The discipline of assent directs us to 'break things down' into parts. We should truly try to see things as they are, and not add faulty impressions on top of things and ideas. When it comes to our life and our existence, we ought to apply the discipline of assent too.
We may think of ourselves as so important - a king, a queen, a president, a diplomat, a wealthy landowner, a CEO or vice president, a very well-paid manager, an NFL quarterback, an all-star basketball player in the NBA, an Olympic gold medalist, a celebrity, a movie star, mayor - I could do this all day. No matter how much importance you put on your life, no one can dispute that you are nothing more than water, carbon, stardust ... this directing mind or soul, inside a bag of bones carrying meat, living on a rock flying through space. And furthermore, you have no power or control over what happens to that bag of bones on a rock floating in space.
Marcus, along with the Stoics, seems to think that we live multiple iterations of our life - that the universe expands and contracts and all that has happened will happen again. This is called eternal return. The link provided does a nice job summarizing this concept. Also see this link for a couple of articles on the idea of eternal return (especially read the one call Eternal Recurrence: Nietzsche and the Stoics).
So, what does this idea of eternal return have to do with living now? In the article I linked to above, Nietzsche asks the question: what if you knew you had to live the same life, over and over and over again? I suppose many would shun the thought, thinking only of the suffering they've had to endure. But what if you could 'pass the test' and accept your fate (amor fati) and turn your life into a work of art? What if you could realize you truly have no control over the fact that the universe repeats itself endlessly? What if you could realize that it is your opinion of your fate that could be flipped to an accepting and even loving opinion? Would this not aid you in your quest to find contentment and happiness?

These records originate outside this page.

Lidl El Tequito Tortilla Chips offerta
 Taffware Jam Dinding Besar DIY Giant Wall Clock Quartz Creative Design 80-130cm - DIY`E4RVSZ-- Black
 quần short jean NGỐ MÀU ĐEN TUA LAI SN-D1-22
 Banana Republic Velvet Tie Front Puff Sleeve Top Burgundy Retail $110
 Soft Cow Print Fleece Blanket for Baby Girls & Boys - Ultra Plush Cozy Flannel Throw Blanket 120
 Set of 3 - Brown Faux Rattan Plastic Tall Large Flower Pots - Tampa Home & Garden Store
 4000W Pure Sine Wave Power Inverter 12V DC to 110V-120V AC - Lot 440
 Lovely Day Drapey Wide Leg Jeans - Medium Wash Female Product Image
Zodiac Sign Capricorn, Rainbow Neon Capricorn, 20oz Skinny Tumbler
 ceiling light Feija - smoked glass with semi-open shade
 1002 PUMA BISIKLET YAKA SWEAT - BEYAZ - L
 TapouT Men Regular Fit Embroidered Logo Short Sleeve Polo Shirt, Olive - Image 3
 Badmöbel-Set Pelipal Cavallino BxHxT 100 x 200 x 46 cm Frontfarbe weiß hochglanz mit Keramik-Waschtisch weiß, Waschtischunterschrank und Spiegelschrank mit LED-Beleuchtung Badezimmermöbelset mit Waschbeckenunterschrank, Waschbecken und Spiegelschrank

I'll finish with a quote from the Eternal Recurrence: Nietzsche and the Stoics article, which does a nice job summarizing the Stoic point of view.
The Stoics had their own way of passing the ‘eternal recurrence test’, differing to be sure from Nietzsche’s but requiring just as much psychic effort and self-fashioning. Their strategy was to train themselves to look at everything from the perspective of universal Nature. If, as they insisted, this is really the best of all possible worlds, governed by a perfect divine Providence, then anything that actually happens at any point must be the best thing that could happen at that point. Certain things may look negative to us, but that is merely a result of our looking at them from within a limited human perspective; could we but see them as God sees them, we would perceive how they are indeed for the best, and we would be able to desire them as God desires them. Clearly it is not easy to acquire such an attitude in respect of all things that happen in our world, so the Stoics performed spiritual exercises to help them; much of what Marcus Aurelius writes in his Meditations amounts to an effort to escape the limits of his own viewpoint and reform his consciousness in likeness to God’s. ... Both strategies for embracing eternal recurrence are an ongoing effort to change the way we perceive, and both acknowledge that this is not a simple matter, for the means of re-fashioning our minds are never simply given to us – we have to be creative.